PROBLEM REQUIREMENTS >> Drop every picture and copy exactly the lines from the one with "The look and" through the last line of the listing below.
+++ STORED DATA +++
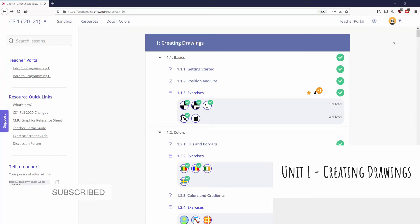Welcome to the CMU CS Academy summary videos. This is the first in a long series that will go through each unit, and in some cases when things get more complicated, parts of units. The goal is to summarize all of the content in a couple of quick videos — for unit one it'll just be one quick video — and then do an example to walk you through some of the coding so that you're prepared to handle the content.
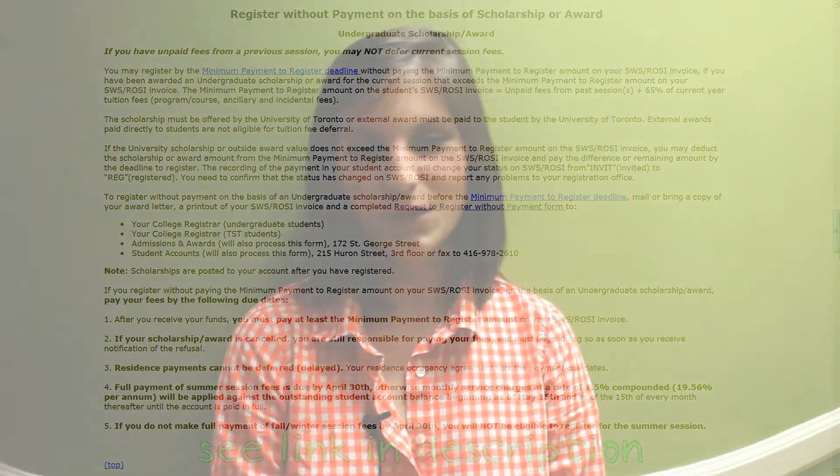If you have any questions about paying your fees, please feel free to contact your registrar's office.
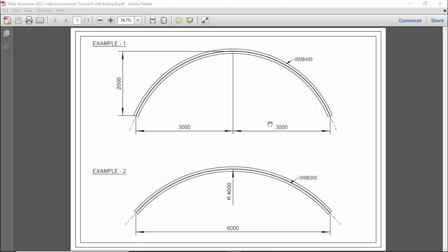Hi viewers, welcome to Ganesh YouTube channel. In this tutorial I am going to explain how to create a curved beam in Tekla Structures 2022 version with a PDF example. I will provide this PDF example in the description - please download and practice along with this video.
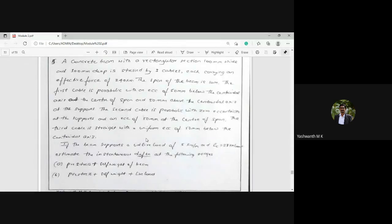Welcome back to the next session of the Design of Pre-stressed Concrete Elements course. In the last session we were calculating the deflection of pre-stressed concrete members and working out problems on deflection. In today's session, let us work out a few more problems.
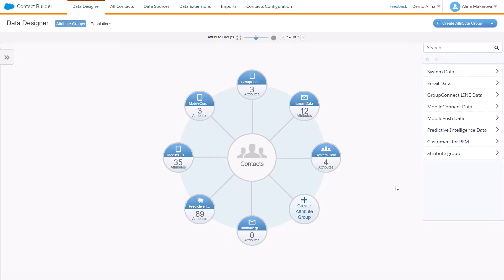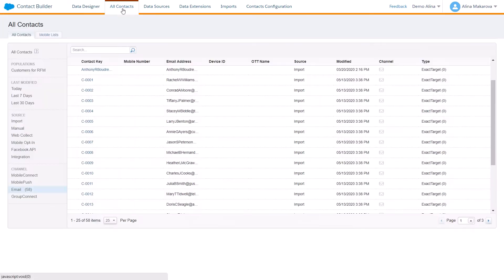Hello, in this video I would like to tell you how to find contacts in Contact Builder. So open Contact Builder, and here on the All Contacts tab you can find information about the contacts coming from different sources.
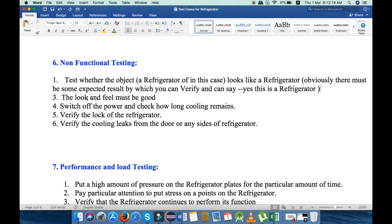The look and feel must be good. Next, switch off the power and check how long the cooling remains. Next, verify the lock of the refrigerator — is it available or is it working fine or not. Next, verify there is no cooling leaking from the door or any side of the refrigerator — there must not be any leakage of cooling. These are the points we will check under non-functional testing.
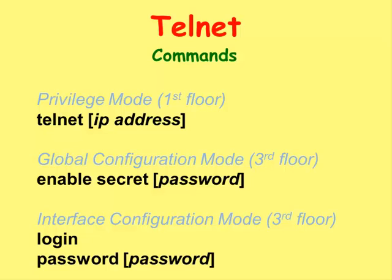To access the privilege mode of the router by using Telnet, you will have to set up the password on it using the enable secret command.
+++
EXERCISE SOLUTION >>
The look and feel must be good. Next, switch off the power and check how long the cooling remains. Next, verify the lock of the refrigerator — is it available or is it working fine or not. Next, verify there is no cooling leaking from the door or any side of the refrigerator — there must not be any leakage of cooling. These are the points we will check under non-functional testing.
To access the privilege mode of the router by using Telnet, you will have to set up the password on it using the enable secret command.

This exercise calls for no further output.